Call for action to stop abuse of women

June 11, 2014 - 12:39:42 am
 US actress Angelina Jolie (third right), British Prime Minister David Cameron (second left) and Britain’s Foreign Secretary William Hague (left) outside No. 10 Downing Street in London yesterday.

LONDON: Hollywood star Angelina Jolie said yesterday that a global summit to end sexual violence in wars must send the message that there is “no disgrace” in being a rape survivor and that “the shame is on the aggressor”.

British Foreign Secretary William Hague said at the opening of the four-day conference in London that it was only a “weak or inadequate man” that abuses women — a statement that drew cheers from the crowd.

The conference is the fruit of a two-year campaign by UN special envoy Jolie and Hague, who have visited the Democratic Republic of Congo and Bosnia to meet victims of rape during wars.

In her opening remarks to the End Sexual Violence in Conflict summit, Jolie said she and Hague had met a woman in Bosnia who was still too ashamed to tell her son that she had been raped. “This day is for her,” said Jolie. “We believe it truly is a summit like no other.”

In a speech greeted by rapturous applause, Jolie said: “We must send a message around the world that there is no disgrace in being a survivor of sexual violence, that the shame is on the aggressor.”

She said it is a “myth” that rape was inevitable in war. “There is nothing inevitable about it — it is a weapon of war aimed at civilians. It has nothing to do with sex, everything to do with power,” the A Mighty Heart star said.

Jolie said she had met rape survivors in countries including Afghanistan and Somalia, and they are “just like us, with one crucial difference”. “We live in safe countries with doctors we can go to when we’re hurt, police we can turn to when we’re wronged, and institutions that protect us,” she said. “They live in refugee camps, on bombed-out streets, in areas where there is no law, no protection, and not even the hope of justice.”

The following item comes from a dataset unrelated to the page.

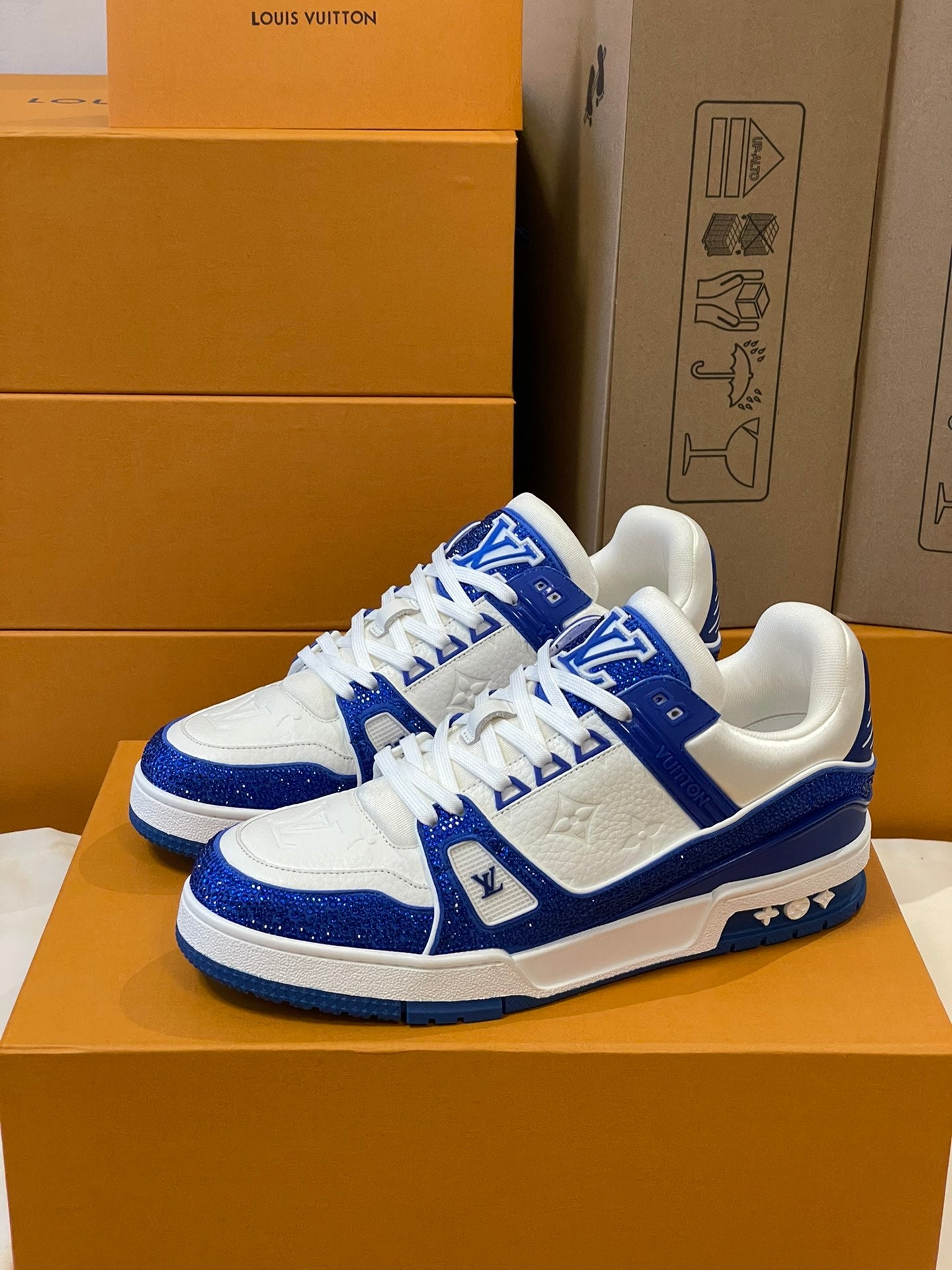 Designer Sneakers – Mens Shoes, Sneakers, Shoes for Mens and womens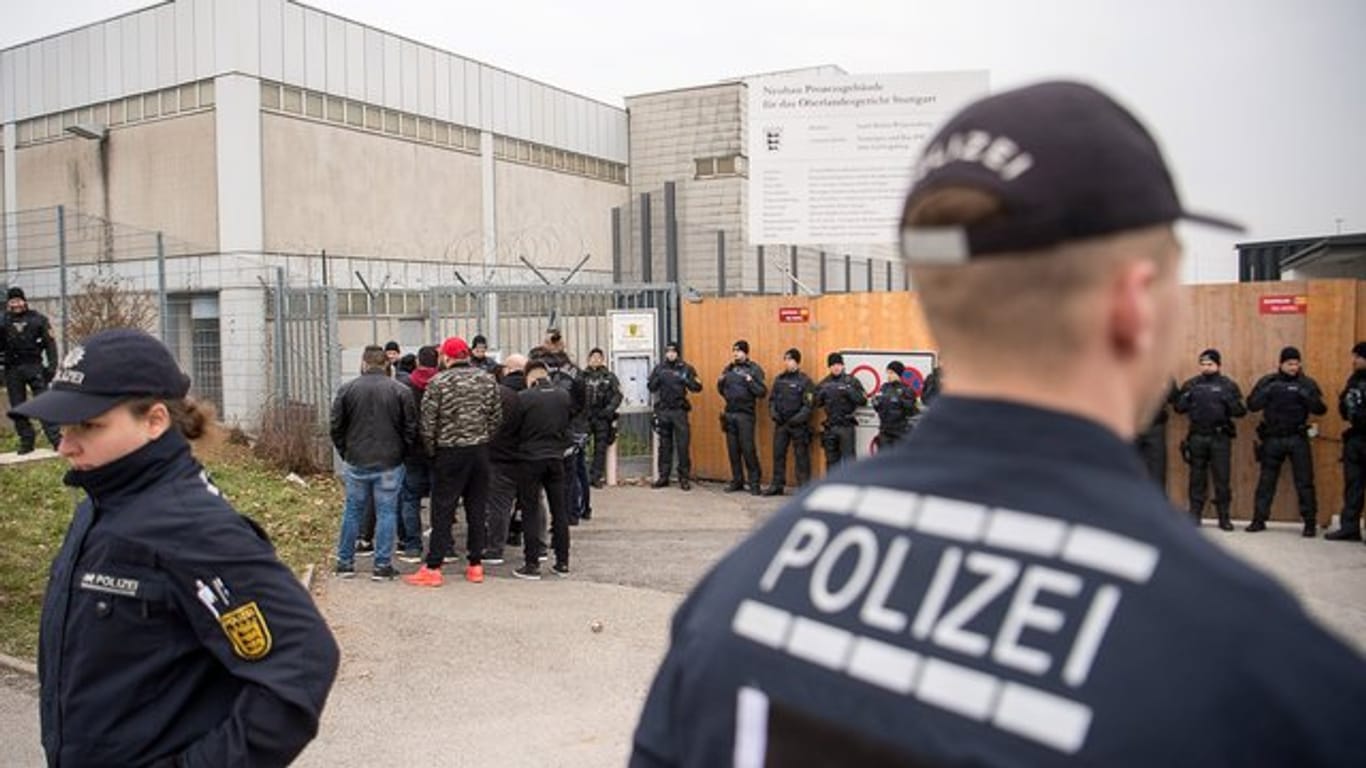 Besucher stehen vor Beginn des Prozesses vor dem Gerichtsgebäude in Stuttgart.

Jolie said the international community needs to work to make “justice the norm”. She called for the prevention of rape in conflict to be incorporated into the training of all armies, peacekeeping troops and police forces. “This whole subject has been taboo for far too long,” she said.

Jolie said the stigma causes survivors to suffer feelings of “shame” and “worthlessness”. “It feeds ignorance, such as the notion that rape has anything to do with normal sexual impulses,” she said. “But most of all it allows the rapist to get away with it. They feel above the law because the law rarely touches them and society tolerates them.”

Hague announced that Britain will pledge a further £6m ($10m) to help survivors of sexual violence in conflict.

US Secretary of State John Kerry, who will attend the conference on Friday, said delegates from 117 countries wanted to “relegate sexual violence to the annals of history”. The summit includes 150 events open to the public in what the organisers hope will be a giant exercise in raising awareness.

Almost 150 governments have endorsed a declaration of commitment to end sexual violence in conflict. Organisers also want to increase and improve the documentation of rape in war zones to allow more prosecutions to be brought.

Liesl Gerntholtz, of Human Rights Watch, said that while most victims were women and girls, “there’s an emerging body of research and documentation that certainly shows that men have been targeted”. 

Today, Hague and Jolie will launch an international protocol of proposals. On the sidelines of the summit, Hague will chair a ministerial meeting on security in northern Nigeria in the wake of the kidnap of hundreds of schoolgirls by the Al-Qaeda-linked Boko Haram movement.